### WHAT THE TASK REQUIRES
Nothing but the lines from the one that contains "- Online Auctions" to the end of the records should be printed, both ends included, exactly as given.

(Beginning of WORKING DATA)

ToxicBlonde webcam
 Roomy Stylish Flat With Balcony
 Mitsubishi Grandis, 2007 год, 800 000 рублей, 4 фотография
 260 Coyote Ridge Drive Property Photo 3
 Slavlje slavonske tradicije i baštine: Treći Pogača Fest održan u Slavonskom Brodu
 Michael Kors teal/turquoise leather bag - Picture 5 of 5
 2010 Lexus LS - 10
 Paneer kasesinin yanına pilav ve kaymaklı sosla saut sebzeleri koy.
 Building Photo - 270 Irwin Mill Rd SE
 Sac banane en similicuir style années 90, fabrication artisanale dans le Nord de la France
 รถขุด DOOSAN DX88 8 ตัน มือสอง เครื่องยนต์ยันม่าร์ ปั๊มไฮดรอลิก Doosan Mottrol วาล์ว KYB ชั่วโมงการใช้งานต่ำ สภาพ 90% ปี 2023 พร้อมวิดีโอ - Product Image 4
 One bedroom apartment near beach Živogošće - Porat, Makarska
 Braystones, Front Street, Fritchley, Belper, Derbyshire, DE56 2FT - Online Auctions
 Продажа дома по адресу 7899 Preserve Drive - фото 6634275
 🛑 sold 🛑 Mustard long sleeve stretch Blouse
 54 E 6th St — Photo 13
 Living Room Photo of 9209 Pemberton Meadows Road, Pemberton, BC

(End of WORKING DATA)

### ANSWER TO THIS EXERCISE
 Braystones, Front Street, Fritchley, Belper, Derbyshire, DE56 2FT - Online Auctions
 Продажа дома по адресу 7899 Preserve Drive - фото 6634275
 🛑 sold 🛑 Mustard long sleeve stretch Blouse
 54 E 6th St — Photo 13
 Living Room Photo of 9209 Pemberton Meadows Road, Pemberton, BC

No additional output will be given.